Another approach to feed text to our models is to use an embedding layer:

low-dimensional floating-point vectors learned from data.
geometric relationships between word vectors should reflect the semantic relationships between these words.
Take a 2D input tensor of integers of shape (samples, sequence_length)
Return a 3D floating-point tensor of shape (samples, sequence_length, embedding_dimensionality)
Such a 3D tensor can be processed by an RNN layer.
The vector are randomly initialized prior to training.

The IMDB dataset

The objective here is to classify a movie review as either positive or negative.
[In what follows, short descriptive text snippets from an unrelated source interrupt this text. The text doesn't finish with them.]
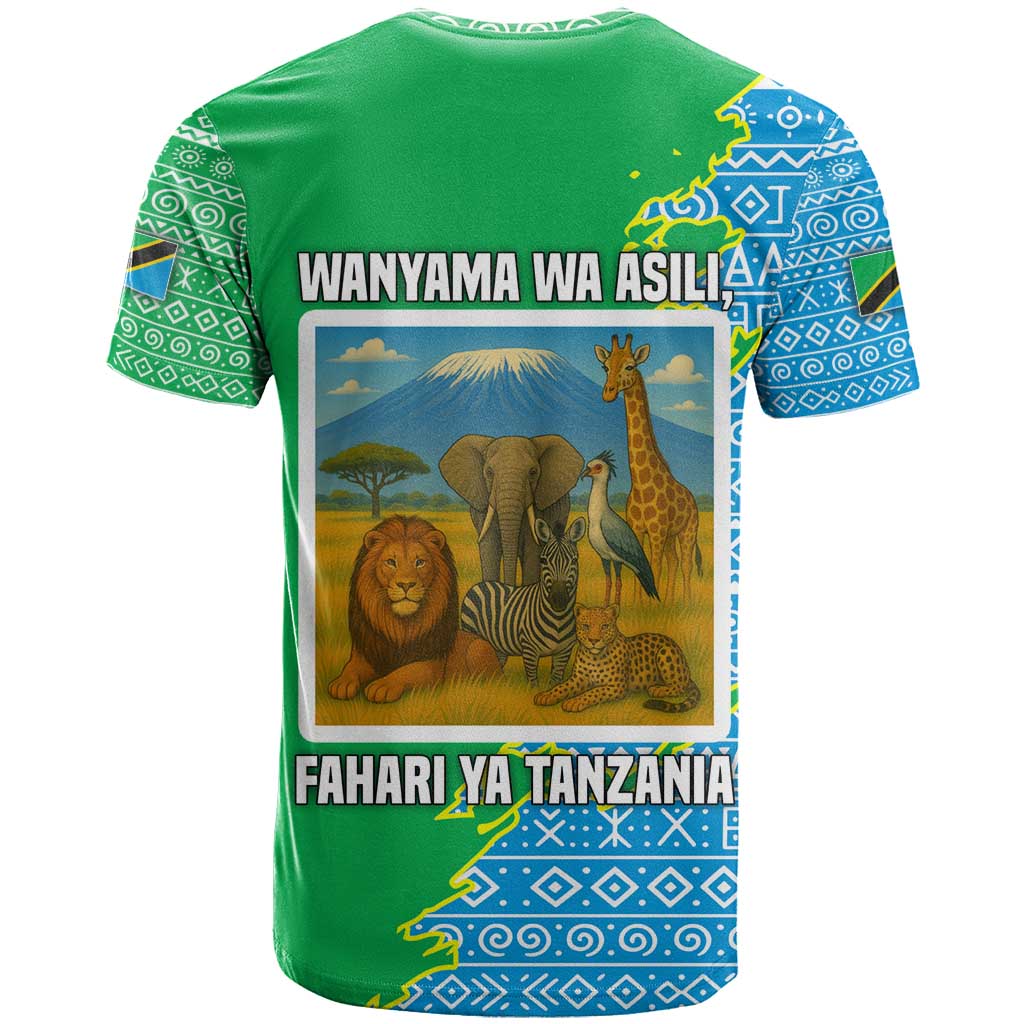 Tanzania Wildlife T-Shirt with Tribal Print and Mount Kilimanjaro Safari Scene Graphic Tee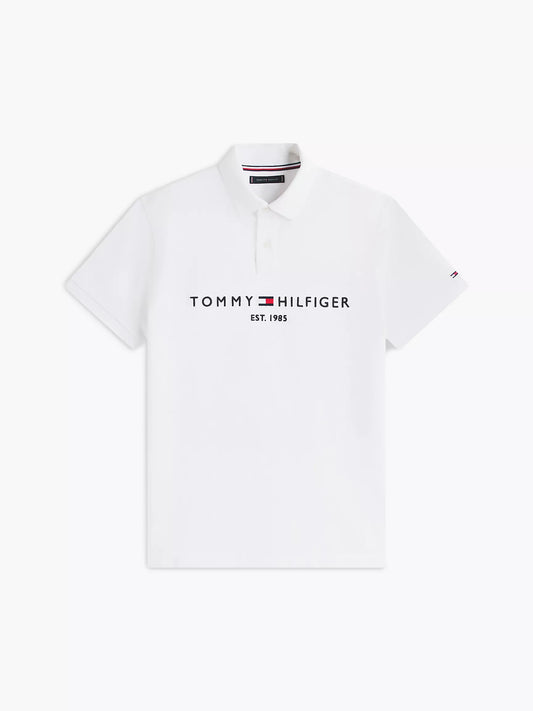 Regular Fit White Embroidered Logo Polo Shirt
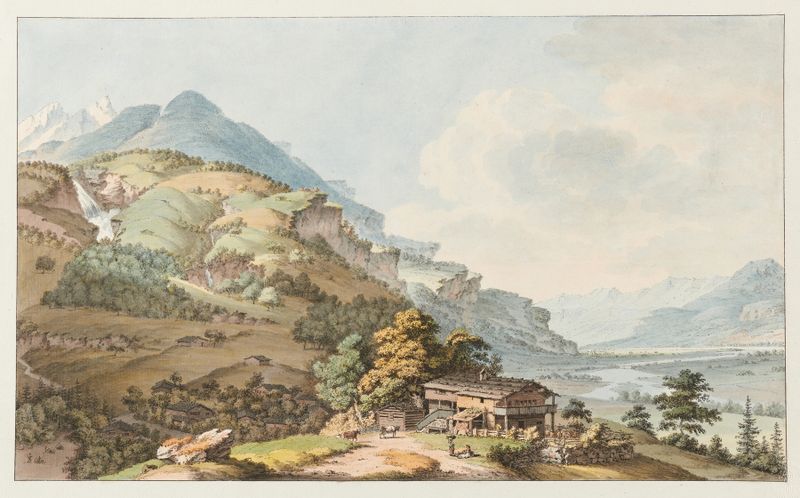 La Vallée Oberhasli de Johann Ludwig Aberli, acuarela sobre papel que representa un paisaje de valle sereno.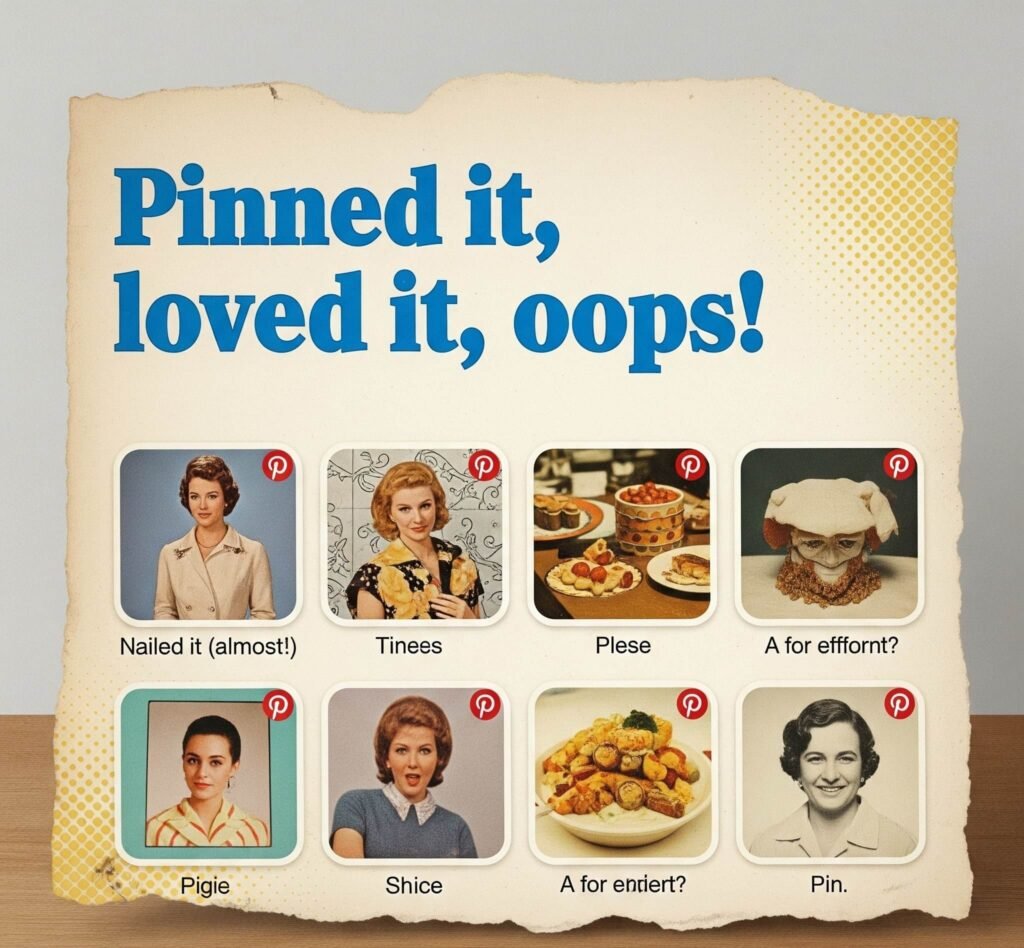 Funny Vintage Pinterest: "Pinned it, Loved it, Oops!"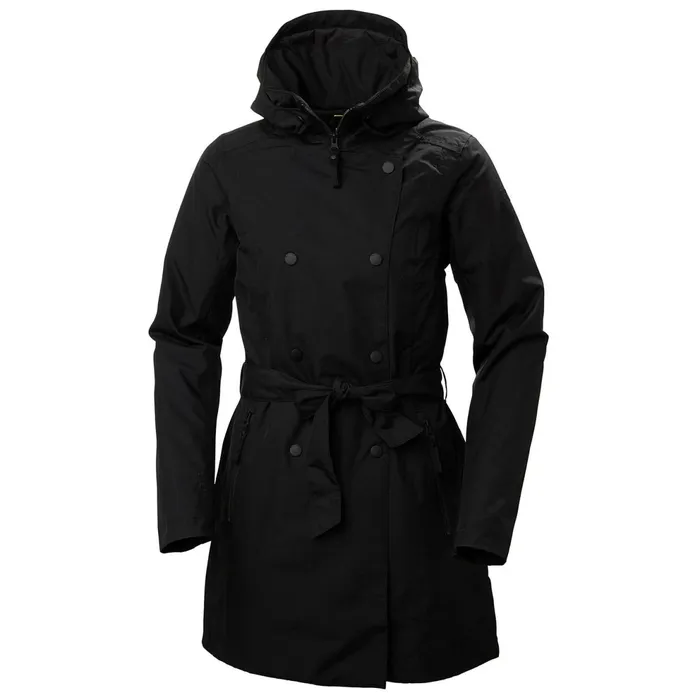 Rain Jackets Women Helly Hansen WELSEY II WATERPROOF INSULATED TRENCH 990 Black
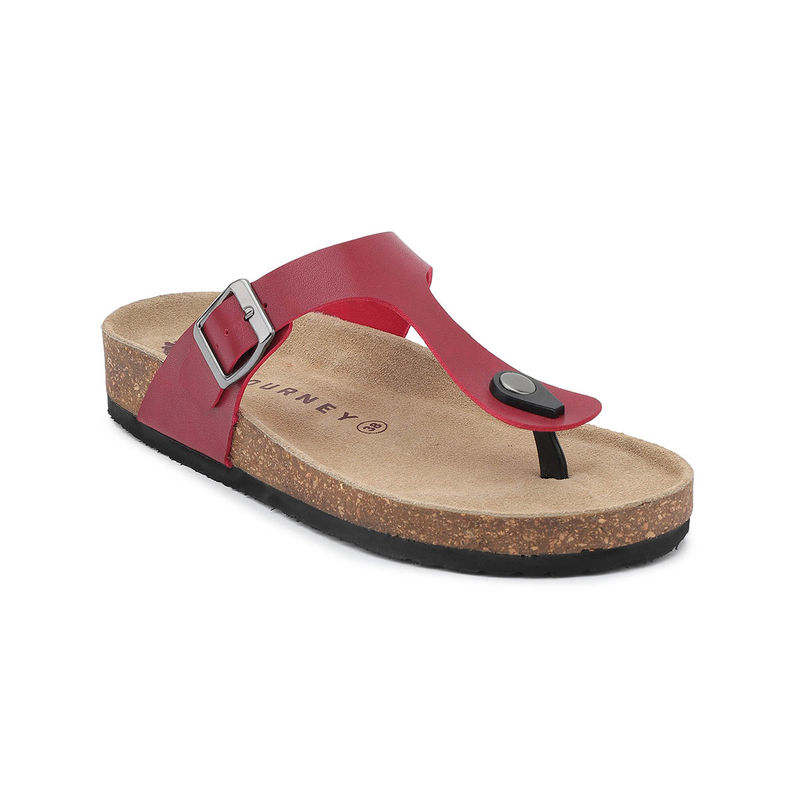 HF Journey Women Red Round Toe Sandals (EURO 36)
Recurring neural networks with an embedding layer

Data preparation parameters

max_features <- 10000 # Number of most frequent words
maxlen <- 500         # Padding the sequence of words to be of equal length
batch_size <- 32      # Batch size used for training

Downloading the data

imdb <- dataset_imdb(num_words = max_features)
c(c(input_train, y_train), c(input_test, y_test)) %<-% imdb
cat(length(input_train), "train sequences\n")

## 25000 train sequences

cat(length(input_test), "test sequences")

## 25000 test sequences

Padding the sequences

input_train <- pad_sequences(input_train, maxlen = maxlen)
input_test <- pad_sequences(input_test, maxlen = maxlen)
cat("input_train shape:", dim(input_train), "\n")
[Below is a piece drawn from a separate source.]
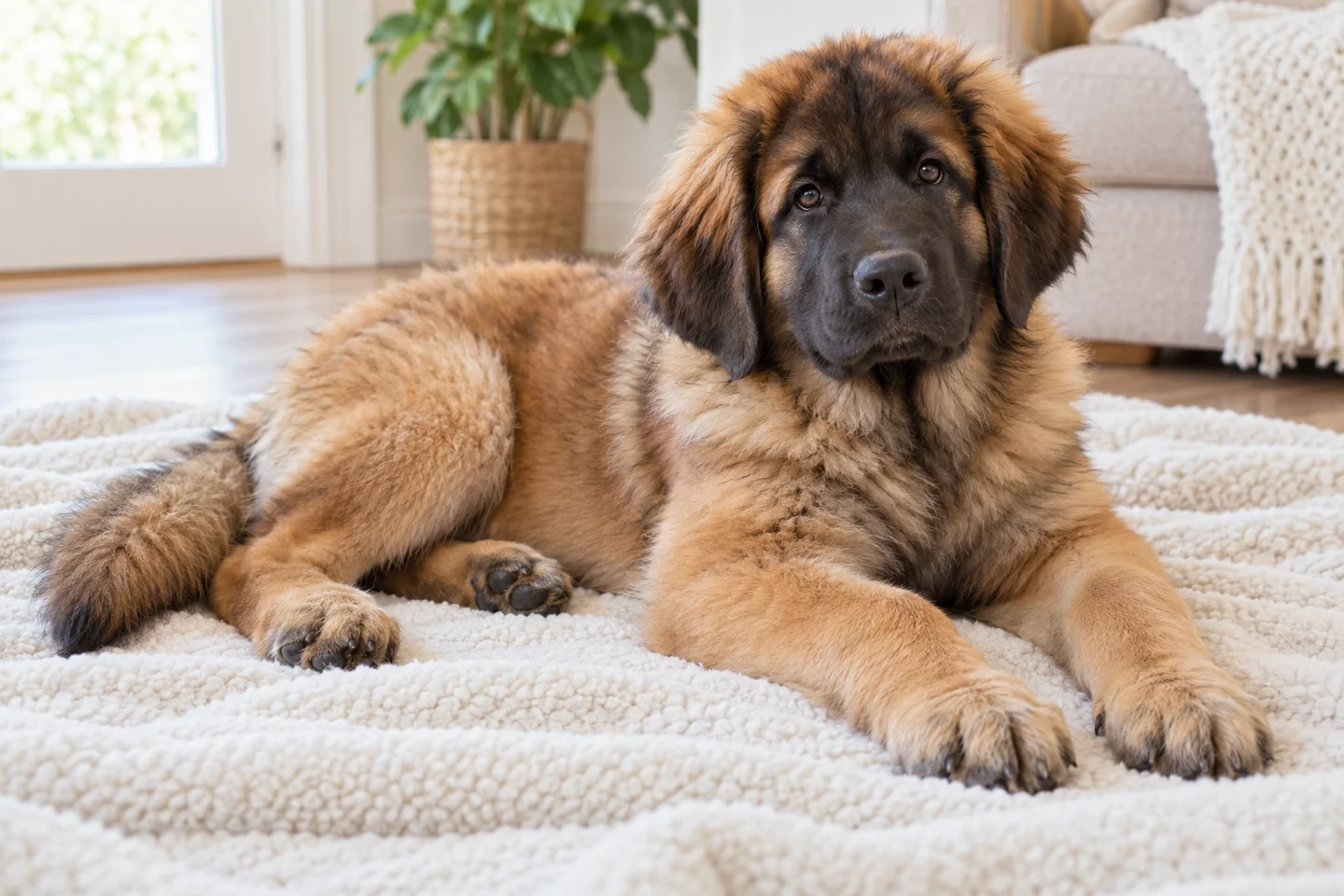 An older Leonberger puppy with a brown fluffy coat, black mask and natural pendant ears resting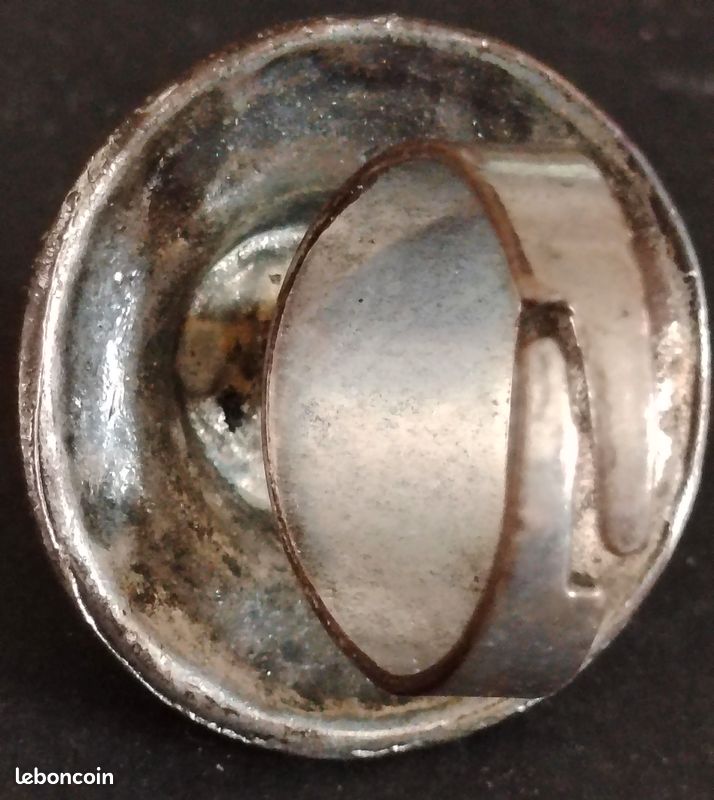 Bague ancienne - Turquoise et vieil argent - Taille 55 (image 5)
## input_train shape: 25000 500

cat("input_test shape:", dim(input_test), "\n")

## input_test shape: 25000 500

Defining the model with embedding and simple RNN layers:

model <- keras_model_sequential() %>%
  layer_embedding(input_dim = max_features, output_dim = 32) %>%
  layer_simple_rnn(units = 32) %>%
  layer_dense(units = 1, activation = "sigmoid")

model

## Model
## ___________________________________________________________________________
## Layer (type)                     Output Shape                  Param #     
## ===========================================================================
## embedding_1 (Embedding)          (None, None, 32)              320000      
## ___________________________________________________________________________
## simple_rnn_1 (SimpleRNN)         (None, 32)                    2080        
## ___________________________________________________________________________
## dense_1 (Dense)                  (None, 1)                     33          
## ===========================================================================
## Total params: 322,113
## Trainable params: 322,113
## Non-trainable params: 0
## ___________________________________________________________________________

Compiling the model

model %>% compile(
  optimizer = "rmsprop",
  loss = "binary_crossentropy",
  metrics = c("acc")
)

Training and validation

history <- model %>% fit(
  input_train, y_train,
  epochs = 10,
  batch_size = 128,
  validation_split = 0.2
)

plot(history)

LSTM layer

The simple RNN layer should theoretically be able to retain at time t information about inputs seen many timesteps before.

But in practice, such long-term dependencies are very hard to learn.

The LSTM (long-short term memory) layer was designed to address this issue.

It allow past information to be reinjected at a later time.

Following is R pseudo-code for a LSTM layer:

i_t = activation(dot(state_t, Ui) + dot(input_t, Wi) + bi)
f_t = activation(dot(state_t, Uf) + dot(input_t, Wf) + bf)
k_t = activation(dot(state_t, Uk) + dot(input_t, Wk) + bk)

c_t+1 = i_t * k_t + c_t * f_t

output_t = activation(dot(state_t, Uo) + dot(input_t, Wo) + dot(C_t, Vo) + bo)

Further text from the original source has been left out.